_Exercise directions_
The output should hold exactly, and only, the lines from the line bearing "Swamp Thing - Librerie.coop" through the last line of the listing below, and no pictures.
### Data shown
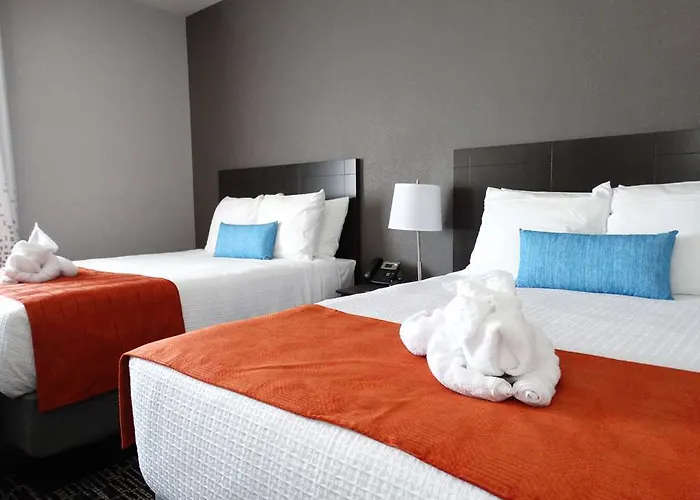 Western Sun Canyon Hotel Sierra Vista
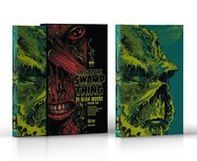 Swamp Thing - Librerie.coop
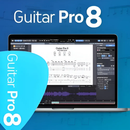 Guitar Pro 8 - Completo (português) + Brindes + Mega Pack Cifras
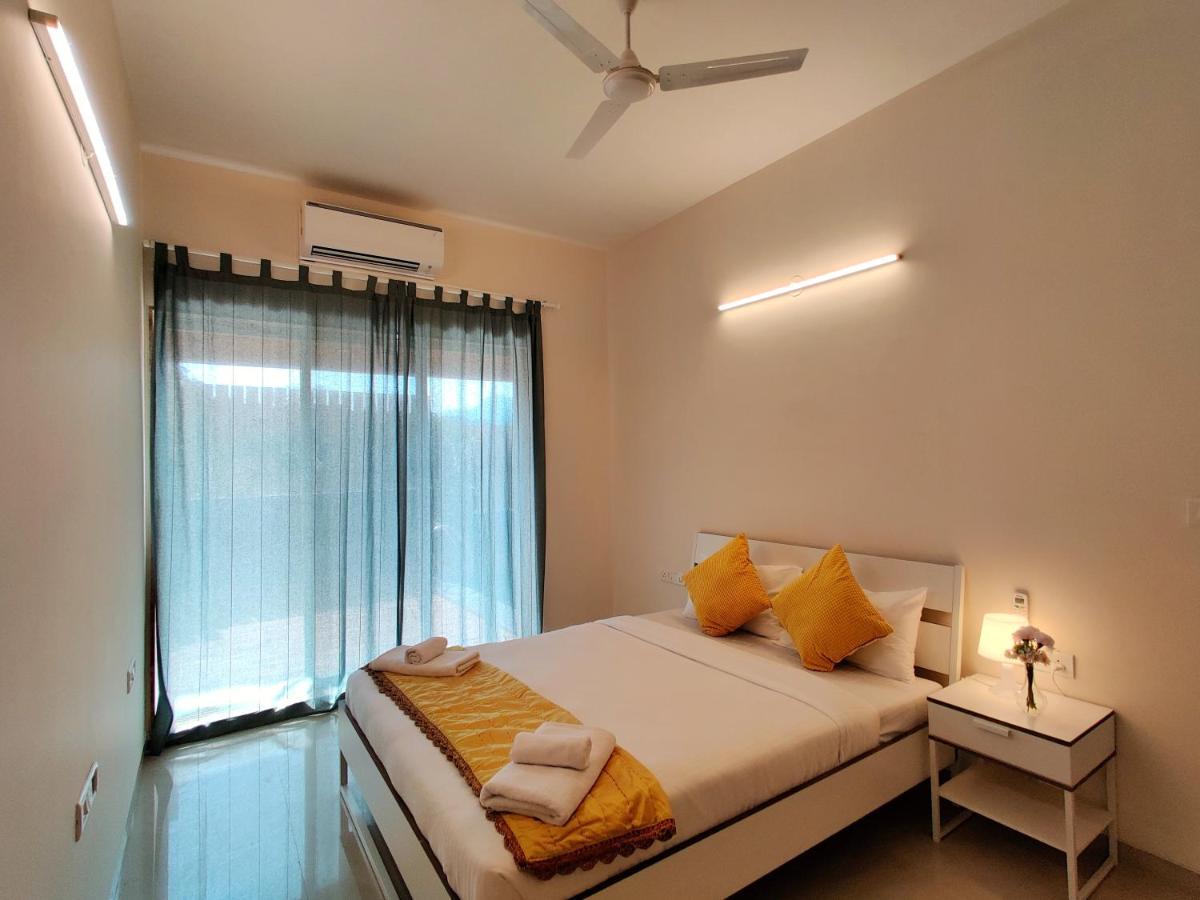 Naag Villa 5Bhk With Pvt Pool Lonavala Exterior foto
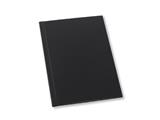 Copertina Izibook Fashion 12mm 10pz.- Nero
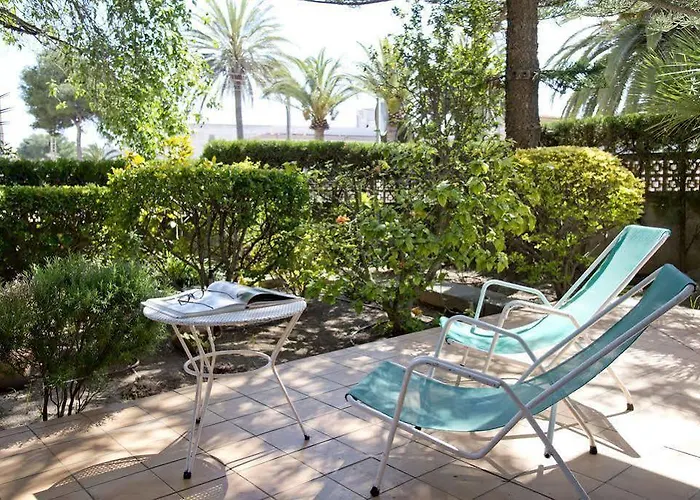 Ponent Mar * Cala Ratjada (Mallorca)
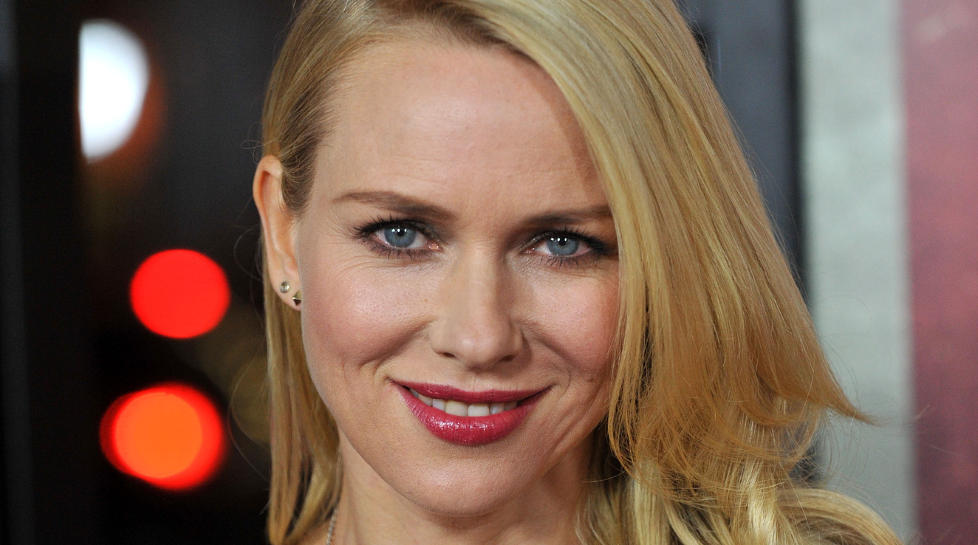 NAOMI WATTS: Skal spille prinsesse Diana i �Caught in Flight�. Foto: Stella Pictures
######
_Task answer_
 Swamp Thing - Librerie.coop
 Guitar Pro 8 - Completo (português) + Brindes + Mega Pack Cifras
 Naag Villa 5Bhk With Pvt Pool Lonavala Exterior foto
 Copertina Izibook Fashion 12mm 10pz.- Nero
 Ponent Mar * Cala Ratjada (Mallorca)
 NAOMI WATTS: Skal spille prinsesse Diana i �Caught in Flight�. Foto: Stella Pictures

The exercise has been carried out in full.